Jadi, moratorium yang dilakukan bertujuan agar smelter yang sudah terbangun tetap mendapatkan pasokan bijih nikel untuk keberlanjutan operasi produksi mereka.

"Kementerian ESDM sudah ada rencana untuk melakukan pembatasan," tuturnya.

Baca Juga: IMA Dukung Hilirisasi Tambang Berkelanjutan, 2025 Smelter Operasi Full

2. Pemerintah akan mengkaji kebijakan secara komprehensif

Pemerintah Bakal Moratorium Pembangunan Smelter Jenis IniIDN Times/Istimewa

Dijelaskan Irwandy, pemerintah bakal melakukan kajian secara komprehensif terhadap kebijakan tersebut, terutama untuk proses nikel yang ada di Indonesia, baik nikel berkadar rendah (limonite) maupun nikel berkadar tinggi (saprolite).

"Saat ini, nikel yang mengalami proses pirometalurgi ke arah stainless steel ada 44 smelter dan yang menggunakan proses hidrometalurgi ke arah baterai itu ada 3 smelter. Konsumsi bijih nikel untuk pirometalurgi dengan saprolite adalah sebesar 210 juta ton per tahun dan limonate sebesar 23,5 juta ton per tahun," sebutnya.

Sekarang, ada 25 smelter yang sedang tahap konstruksi. Itu membutuhkan pasokan nikel sebanyak 75 juta ton per tahun. Sementara itu, untuk arah proses baterai hidrometalurgi ada 6 smelter yang sedang konstruksi dengan estimasi kebutuhan bijih 34 juta ton per tahun.

Dia menerangkan, pada tahap perencanaan ke arah pirometalurgi, ada 28 smelter dan 10 smelter untuk hidrometalurgi dengan kebutuhan masing-masing 130 juta ton per tahun dan 54 juta ton per tahun.

"Total, smelter yang ada sampai dengan saat ini, belum lagi yang terbaru itu ada 116 smelter yang terdiri dari 97 smelter pirometalurgi dan 19 smelter ke arah hidrometalurgi," ujar Irwandy.

3. Asosiasi profesi metalurgi dukung pemerintah lakukan moratorium

Pemerintah Bakal Moratorium Pembangunan Smelter Jenis Inidok.Antam

Asosiasi Prometindo mendukung langkah Kementerian ESDM untuk melakukan moratorium pembangunan smelter nikel kelas II. Menurut Dewan Penasehat Asosiasi Prometindo, Arif S Tiammar, itu langkah yang tepat dalam rangka membatasi produksi yang berlebihan.

"Sejujurnya saya sendiri sangat mendukung dengan upaya untuk membatasi pembangunan feronikel atau pembangunan proyek yang berbasiskan pirometalurgi yang mengkonsumsi biji nikel saprolite menjadi FeNi ataupun NPI ataupun mate.

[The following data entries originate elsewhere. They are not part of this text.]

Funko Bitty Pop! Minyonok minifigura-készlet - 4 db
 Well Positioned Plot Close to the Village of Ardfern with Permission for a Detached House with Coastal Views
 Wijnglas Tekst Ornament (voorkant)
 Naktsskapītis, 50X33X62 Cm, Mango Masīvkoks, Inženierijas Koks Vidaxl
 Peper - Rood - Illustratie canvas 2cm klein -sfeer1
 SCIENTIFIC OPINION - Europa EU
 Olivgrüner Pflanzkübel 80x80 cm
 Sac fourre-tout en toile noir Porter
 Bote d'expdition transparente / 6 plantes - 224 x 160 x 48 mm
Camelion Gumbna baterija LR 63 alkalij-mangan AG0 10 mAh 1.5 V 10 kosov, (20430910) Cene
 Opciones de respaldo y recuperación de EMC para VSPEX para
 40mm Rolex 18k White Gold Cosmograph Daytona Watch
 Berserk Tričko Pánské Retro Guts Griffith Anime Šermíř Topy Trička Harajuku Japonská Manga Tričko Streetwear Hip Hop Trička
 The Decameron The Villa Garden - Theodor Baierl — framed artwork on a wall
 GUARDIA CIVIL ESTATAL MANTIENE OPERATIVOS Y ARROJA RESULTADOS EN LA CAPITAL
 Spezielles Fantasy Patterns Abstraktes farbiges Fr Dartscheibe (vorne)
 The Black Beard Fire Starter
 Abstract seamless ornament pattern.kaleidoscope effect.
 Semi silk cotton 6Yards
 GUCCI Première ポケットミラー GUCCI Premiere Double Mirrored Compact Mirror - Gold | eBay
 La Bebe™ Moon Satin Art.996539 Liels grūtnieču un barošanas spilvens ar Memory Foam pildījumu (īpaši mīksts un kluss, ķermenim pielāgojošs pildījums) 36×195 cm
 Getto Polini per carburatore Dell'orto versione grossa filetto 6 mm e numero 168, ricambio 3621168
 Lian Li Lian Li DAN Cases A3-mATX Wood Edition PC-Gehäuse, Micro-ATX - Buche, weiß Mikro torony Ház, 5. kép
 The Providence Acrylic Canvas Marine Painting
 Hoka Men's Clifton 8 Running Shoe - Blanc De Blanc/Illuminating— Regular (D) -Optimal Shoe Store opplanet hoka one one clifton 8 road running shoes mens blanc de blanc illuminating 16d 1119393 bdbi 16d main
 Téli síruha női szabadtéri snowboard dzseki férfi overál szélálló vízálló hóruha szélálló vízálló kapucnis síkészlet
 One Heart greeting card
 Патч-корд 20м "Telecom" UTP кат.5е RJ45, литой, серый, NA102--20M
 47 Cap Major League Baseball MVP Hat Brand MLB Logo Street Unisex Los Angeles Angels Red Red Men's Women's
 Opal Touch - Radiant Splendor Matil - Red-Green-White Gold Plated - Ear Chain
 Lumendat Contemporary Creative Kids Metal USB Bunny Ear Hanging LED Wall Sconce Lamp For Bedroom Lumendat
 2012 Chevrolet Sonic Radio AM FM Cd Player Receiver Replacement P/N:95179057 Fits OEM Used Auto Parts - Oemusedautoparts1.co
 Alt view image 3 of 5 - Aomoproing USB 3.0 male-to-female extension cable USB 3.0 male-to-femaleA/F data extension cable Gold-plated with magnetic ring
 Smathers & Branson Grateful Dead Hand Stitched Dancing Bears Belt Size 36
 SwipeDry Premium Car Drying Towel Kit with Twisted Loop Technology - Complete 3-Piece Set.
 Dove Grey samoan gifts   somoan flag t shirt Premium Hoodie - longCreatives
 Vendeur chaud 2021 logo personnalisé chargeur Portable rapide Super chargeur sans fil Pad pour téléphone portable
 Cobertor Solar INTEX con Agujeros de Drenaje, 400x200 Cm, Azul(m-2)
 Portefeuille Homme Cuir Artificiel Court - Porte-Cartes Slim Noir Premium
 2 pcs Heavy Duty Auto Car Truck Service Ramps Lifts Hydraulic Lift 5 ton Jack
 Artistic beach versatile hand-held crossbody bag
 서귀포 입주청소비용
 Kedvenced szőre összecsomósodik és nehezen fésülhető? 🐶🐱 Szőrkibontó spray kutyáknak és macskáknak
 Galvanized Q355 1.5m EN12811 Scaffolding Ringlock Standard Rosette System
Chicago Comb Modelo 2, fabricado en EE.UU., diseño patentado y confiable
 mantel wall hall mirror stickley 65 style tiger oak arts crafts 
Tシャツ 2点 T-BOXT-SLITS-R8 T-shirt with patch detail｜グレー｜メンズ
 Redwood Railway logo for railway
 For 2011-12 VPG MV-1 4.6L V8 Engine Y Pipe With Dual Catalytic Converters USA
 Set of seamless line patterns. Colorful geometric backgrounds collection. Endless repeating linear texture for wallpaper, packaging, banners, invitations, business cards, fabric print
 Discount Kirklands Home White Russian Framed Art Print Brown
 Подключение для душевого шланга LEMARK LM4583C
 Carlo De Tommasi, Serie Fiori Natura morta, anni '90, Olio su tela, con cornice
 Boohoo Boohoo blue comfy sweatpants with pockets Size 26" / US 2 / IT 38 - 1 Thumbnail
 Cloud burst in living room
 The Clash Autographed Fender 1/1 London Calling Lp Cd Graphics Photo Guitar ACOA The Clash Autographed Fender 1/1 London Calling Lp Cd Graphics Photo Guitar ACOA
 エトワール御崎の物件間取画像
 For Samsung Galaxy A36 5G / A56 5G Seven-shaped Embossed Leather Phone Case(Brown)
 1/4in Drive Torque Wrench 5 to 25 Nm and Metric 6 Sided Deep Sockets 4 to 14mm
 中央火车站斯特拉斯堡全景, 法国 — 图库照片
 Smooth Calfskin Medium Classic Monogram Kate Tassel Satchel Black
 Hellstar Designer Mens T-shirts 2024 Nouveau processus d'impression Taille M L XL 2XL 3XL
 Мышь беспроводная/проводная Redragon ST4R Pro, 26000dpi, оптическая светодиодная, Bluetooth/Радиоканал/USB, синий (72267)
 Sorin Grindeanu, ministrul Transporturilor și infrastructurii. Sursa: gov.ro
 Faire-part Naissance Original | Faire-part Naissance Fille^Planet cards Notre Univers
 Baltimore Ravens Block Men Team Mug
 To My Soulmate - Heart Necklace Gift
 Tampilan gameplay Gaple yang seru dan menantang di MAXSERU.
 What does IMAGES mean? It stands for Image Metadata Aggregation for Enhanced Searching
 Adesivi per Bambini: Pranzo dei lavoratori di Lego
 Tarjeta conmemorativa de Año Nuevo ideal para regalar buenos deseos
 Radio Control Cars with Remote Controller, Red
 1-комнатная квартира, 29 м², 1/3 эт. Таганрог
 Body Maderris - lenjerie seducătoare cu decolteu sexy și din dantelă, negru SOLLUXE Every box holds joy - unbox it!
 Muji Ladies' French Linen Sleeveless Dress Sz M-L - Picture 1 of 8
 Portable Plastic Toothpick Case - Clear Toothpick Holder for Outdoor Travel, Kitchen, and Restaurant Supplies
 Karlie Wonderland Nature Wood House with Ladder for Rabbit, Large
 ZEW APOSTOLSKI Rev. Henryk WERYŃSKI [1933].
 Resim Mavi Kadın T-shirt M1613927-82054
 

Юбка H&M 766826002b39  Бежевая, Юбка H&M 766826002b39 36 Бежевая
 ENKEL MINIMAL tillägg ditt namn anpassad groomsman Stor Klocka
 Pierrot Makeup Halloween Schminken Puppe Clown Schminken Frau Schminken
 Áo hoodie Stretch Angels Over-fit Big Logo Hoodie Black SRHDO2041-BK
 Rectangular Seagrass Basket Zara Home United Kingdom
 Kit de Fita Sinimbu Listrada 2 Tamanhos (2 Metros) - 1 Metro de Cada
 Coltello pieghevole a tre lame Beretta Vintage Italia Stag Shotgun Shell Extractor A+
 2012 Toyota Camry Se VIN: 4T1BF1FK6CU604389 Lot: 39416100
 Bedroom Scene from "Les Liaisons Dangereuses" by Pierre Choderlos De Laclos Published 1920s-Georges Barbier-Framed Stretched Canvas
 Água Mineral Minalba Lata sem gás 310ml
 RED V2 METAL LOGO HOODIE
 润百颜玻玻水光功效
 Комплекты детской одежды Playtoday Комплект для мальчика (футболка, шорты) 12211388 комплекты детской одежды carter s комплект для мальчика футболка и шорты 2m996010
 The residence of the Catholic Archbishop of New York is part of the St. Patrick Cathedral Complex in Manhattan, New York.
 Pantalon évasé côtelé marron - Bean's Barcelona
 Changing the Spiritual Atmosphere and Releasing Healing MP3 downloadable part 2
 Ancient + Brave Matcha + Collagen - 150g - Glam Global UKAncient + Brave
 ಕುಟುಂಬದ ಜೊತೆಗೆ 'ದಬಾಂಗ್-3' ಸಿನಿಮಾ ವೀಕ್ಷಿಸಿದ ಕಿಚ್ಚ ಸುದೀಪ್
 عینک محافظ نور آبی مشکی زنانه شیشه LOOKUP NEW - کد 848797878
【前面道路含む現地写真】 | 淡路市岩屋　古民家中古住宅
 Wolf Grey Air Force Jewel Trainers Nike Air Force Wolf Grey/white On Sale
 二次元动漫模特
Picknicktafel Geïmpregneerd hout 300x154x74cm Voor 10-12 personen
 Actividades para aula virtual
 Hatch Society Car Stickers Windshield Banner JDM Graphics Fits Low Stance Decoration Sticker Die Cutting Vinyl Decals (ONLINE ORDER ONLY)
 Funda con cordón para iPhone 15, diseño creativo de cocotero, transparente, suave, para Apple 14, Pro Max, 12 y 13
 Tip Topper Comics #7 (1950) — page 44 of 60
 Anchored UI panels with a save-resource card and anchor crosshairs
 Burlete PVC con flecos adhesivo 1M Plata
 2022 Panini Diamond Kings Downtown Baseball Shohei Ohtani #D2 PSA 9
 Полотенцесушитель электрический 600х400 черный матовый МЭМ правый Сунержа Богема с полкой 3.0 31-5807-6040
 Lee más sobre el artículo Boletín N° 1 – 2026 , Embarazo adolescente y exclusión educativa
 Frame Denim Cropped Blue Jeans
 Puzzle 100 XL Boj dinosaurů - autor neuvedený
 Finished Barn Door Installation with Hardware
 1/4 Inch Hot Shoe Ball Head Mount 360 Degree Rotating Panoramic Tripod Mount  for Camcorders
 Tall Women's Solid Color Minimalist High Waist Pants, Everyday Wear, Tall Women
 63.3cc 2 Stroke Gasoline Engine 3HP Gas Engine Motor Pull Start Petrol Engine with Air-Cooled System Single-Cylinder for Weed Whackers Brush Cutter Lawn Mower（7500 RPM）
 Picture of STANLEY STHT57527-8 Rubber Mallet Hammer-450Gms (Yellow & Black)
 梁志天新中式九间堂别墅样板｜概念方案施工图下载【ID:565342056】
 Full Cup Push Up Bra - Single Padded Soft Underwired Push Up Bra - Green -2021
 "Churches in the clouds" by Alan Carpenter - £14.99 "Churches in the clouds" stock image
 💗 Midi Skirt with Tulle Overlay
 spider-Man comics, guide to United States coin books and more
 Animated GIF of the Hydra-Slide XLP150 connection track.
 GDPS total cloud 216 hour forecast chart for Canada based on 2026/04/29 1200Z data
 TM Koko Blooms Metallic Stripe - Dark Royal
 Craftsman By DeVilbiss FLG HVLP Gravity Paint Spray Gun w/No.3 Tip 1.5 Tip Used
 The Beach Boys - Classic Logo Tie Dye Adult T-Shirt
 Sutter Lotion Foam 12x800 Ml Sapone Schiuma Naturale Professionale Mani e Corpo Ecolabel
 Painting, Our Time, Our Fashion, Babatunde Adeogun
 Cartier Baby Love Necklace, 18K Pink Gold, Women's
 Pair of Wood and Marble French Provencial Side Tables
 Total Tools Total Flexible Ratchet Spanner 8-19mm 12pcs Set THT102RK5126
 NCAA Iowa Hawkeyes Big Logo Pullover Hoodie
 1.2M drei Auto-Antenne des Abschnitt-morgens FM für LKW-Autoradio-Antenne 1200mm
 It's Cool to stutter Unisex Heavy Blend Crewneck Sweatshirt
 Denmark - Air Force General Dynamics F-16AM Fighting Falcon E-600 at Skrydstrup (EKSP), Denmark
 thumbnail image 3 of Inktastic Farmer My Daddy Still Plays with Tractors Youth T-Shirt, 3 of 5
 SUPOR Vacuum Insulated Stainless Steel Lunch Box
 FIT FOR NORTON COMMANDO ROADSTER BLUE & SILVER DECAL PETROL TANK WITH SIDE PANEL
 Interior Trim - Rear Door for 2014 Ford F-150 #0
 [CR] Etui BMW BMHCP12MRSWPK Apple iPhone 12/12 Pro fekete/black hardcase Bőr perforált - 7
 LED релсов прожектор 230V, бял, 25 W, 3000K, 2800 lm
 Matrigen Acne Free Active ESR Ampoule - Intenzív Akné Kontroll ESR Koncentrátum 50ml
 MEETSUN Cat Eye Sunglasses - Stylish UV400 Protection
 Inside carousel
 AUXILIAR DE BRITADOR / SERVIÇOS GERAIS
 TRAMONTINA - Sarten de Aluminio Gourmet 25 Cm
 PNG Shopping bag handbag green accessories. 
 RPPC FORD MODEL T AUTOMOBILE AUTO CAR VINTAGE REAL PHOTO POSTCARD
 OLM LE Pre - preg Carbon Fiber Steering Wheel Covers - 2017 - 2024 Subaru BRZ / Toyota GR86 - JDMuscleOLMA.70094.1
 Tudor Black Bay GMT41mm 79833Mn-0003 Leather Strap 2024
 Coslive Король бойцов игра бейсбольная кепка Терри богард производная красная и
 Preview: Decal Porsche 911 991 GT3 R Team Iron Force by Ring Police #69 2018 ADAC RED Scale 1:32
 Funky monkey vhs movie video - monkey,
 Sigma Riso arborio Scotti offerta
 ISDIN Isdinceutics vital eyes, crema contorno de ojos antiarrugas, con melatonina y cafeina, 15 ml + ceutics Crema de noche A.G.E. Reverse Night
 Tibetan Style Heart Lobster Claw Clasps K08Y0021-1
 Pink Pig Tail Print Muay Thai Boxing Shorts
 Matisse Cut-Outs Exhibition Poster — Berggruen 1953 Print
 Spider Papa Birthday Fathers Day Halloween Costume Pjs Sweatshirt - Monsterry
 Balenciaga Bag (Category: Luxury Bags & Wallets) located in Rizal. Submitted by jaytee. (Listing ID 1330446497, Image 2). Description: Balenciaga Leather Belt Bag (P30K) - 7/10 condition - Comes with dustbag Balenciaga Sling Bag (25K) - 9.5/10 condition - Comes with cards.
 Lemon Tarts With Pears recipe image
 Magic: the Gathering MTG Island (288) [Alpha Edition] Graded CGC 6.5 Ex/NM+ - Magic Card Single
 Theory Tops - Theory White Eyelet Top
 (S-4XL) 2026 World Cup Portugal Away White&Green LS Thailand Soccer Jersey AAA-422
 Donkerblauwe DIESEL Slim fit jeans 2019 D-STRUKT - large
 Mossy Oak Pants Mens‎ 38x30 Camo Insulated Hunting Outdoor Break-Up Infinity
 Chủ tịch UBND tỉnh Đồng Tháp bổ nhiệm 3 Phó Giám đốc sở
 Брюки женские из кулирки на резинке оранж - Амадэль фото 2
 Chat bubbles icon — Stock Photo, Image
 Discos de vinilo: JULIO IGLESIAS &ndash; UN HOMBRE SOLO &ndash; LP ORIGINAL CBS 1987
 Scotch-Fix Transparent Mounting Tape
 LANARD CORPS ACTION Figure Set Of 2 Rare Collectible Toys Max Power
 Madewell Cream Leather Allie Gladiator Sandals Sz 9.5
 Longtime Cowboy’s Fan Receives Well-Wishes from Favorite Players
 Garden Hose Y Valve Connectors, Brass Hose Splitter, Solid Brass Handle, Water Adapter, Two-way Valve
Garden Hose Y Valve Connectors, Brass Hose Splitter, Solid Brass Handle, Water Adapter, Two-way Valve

Sekalipun kita memiliki cadangan yang sangat besar di sisi hidrometalurgi yang bersumberkan dari nikel limonite atau nikel yang kadar rendah," kata Arif.

Dia menyatakan beberapa alasan menyetujui kebijakan moratorium tersebut. Pertama, untuk membatasi kapasitas produksi yang berlebihan dan menempatkan Indonesia menjadi produsen NPI terbesar di dunia.

"Kapasitas produksi saat ini sudah luar biasa besar, bahkan jumlahnya berdasarkan data tahun 2022 sebesar 9 juta ton NPI (nickel pig iron) dengan kandungan nikel 1,1 juta ton per tahun. Akhirnya menempatkan Indonesia sebagai produsen NPI terbesar dunia. Pembatasan produksi ini menjadi alasan pertama yang saya setuju dengan moratorium atau pembatasan," ujarnya.

Alasan kedua adalah supaya ketahanan cadangan yang dimiliki. Kemudian, alasan ketiga terkait supply dan demand yang berdampak pada harga pasar NPI dunia.

"Saya sendiri pelaku. Harga NP atau FeNi sendiri sekarang ini sangat rendah dibandingkan dua tahun depan karena jumlah NPI yang ada luar biasa berlimpah sehingga menyebabkan harga dari NPI itu turun. Itu yang menyebabkan kami sangat setuju dengan upaya moratorium ini," tambah Arif.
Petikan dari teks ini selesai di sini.